Parliament of Thailand
- Territorial extent: Thailand
- Passed by: National Assembly of Thailand
- Passed: 28 November 2007
- Enacted: 13 February 2008
- Royal assent: Bhumibol Adulyadej
- Signed: 6 February 2008
- Commenced: 14 February 2008

= Alcohol Beverage Control Act =

The Alcohol Beverage Control Act B.E. 2551 is a prohibitionary act that controls the sale of alcohol beverages in Thailand by, controlling advertising and sales promotion, controlling places where alcoholic beverages are prohibited from being sold, specifying times when sales are prohibited, prohibiting sales to certain types of persons, and controlling consumption.

== Additional amendments ==
At the 30th House of Representatives meeting on 27 March 2024, the meeting voted to accept in principle the first reading of the Alcohol Beverage Control Bill (No. ..) B.E. .... in total of 5 versions by a vote of 389–9, 2 abstentions and 1 abstention. Along with setting up a 42-person special committee to consider this bill, using the Cabinet's draft as the main consideration. The gist of this is the cancellation of Revolutionary Council Announcement No. 253 and National Council for Peace and Order Leader Order No. 22/2015.

The most talked about section is Section 32, which stipulates that the control of alcohol advertising is too extreme, does not solve the problem, and is outdated. It will be amended to allow advertisers to provide facts but not boast, and to specify the scope of content that can be advertised and must not be aimed at children and young people under 20 years of age. At the 24th meeting of the House of Representatives (second regular session of the year) on 19 March 2025, the meeting unanimously approved the Alcohol Beverage Control Bill by 365–0 votes, with 3 abstentions. For the draft amendment to Section 32, the meeting voted to disagree with the special committee's proposal to maintain the original draft that prohibited advertising of alcohol beverages by a vote of 371–1, allowing the promotion of alcohol beverages, especially liquor and beer. Before being forwarded to the Senate for further consideration.

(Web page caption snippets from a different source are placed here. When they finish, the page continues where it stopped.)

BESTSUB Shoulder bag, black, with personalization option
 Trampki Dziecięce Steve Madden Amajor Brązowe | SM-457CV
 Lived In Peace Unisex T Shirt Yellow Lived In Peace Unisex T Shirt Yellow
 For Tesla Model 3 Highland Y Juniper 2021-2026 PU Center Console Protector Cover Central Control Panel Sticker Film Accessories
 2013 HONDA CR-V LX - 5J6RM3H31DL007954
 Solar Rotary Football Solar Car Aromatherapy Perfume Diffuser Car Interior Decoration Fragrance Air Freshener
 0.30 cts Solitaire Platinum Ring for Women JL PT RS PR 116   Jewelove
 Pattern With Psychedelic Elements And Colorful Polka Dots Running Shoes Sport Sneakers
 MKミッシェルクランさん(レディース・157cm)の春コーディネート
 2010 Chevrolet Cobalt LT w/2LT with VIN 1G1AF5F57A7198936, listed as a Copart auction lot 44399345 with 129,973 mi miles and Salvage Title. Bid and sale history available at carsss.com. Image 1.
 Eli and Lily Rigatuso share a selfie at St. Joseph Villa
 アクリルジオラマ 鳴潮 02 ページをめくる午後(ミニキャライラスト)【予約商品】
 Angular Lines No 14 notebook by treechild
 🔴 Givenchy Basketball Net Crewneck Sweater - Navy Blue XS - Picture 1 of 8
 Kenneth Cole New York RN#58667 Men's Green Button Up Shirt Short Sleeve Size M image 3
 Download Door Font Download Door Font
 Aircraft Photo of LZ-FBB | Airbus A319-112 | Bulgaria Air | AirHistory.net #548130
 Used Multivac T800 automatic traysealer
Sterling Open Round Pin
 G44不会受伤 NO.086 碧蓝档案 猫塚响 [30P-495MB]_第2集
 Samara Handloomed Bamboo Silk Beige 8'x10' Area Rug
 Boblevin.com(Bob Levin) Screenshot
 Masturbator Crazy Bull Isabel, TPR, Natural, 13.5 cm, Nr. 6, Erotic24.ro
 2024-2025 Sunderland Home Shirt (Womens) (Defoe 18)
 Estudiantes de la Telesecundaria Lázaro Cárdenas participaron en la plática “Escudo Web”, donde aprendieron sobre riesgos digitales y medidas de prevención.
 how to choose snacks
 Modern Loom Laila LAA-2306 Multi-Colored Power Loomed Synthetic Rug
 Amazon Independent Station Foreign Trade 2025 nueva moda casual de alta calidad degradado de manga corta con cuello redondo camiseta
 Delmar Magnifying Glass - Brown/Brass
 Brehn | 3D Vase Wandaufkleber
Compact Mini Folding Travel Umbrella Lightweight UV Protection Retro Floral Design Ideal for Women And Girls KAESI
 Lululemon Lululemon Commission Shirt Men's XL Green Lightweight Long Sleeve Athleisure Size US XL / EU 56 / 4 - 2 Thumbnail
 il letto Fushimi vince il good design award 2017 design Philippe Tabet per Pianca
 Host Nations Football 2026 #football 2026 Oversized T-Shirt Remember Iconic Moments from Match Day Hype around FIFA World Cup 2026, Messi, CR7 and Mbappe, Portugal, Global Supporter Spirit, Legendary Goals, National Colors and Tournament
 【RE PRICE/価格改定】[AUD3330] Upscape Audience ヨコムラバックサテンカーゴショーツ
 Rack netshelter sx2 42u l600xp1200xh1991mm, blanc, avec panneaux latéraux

Then, in the 26th Senate meeting (second annual ordinary session) on March 31, 2025, the meeting voted to accept the Alcohol Beverage Control Bill in principle by a vote of 139–1, with 2 abstentions. Along with setting up a special committee of 27 people to amend within 7 days.

On August 4, 2025, at the 8th Senate meeting (first regular session of the year), the Senate approved the Alcoholic Beverage Control Draft by a vote of 105–2, with 12 abstentions and 1 abstention before sending the Draft back to the Cabinet to be submitted for royal endorsement for enactment into law.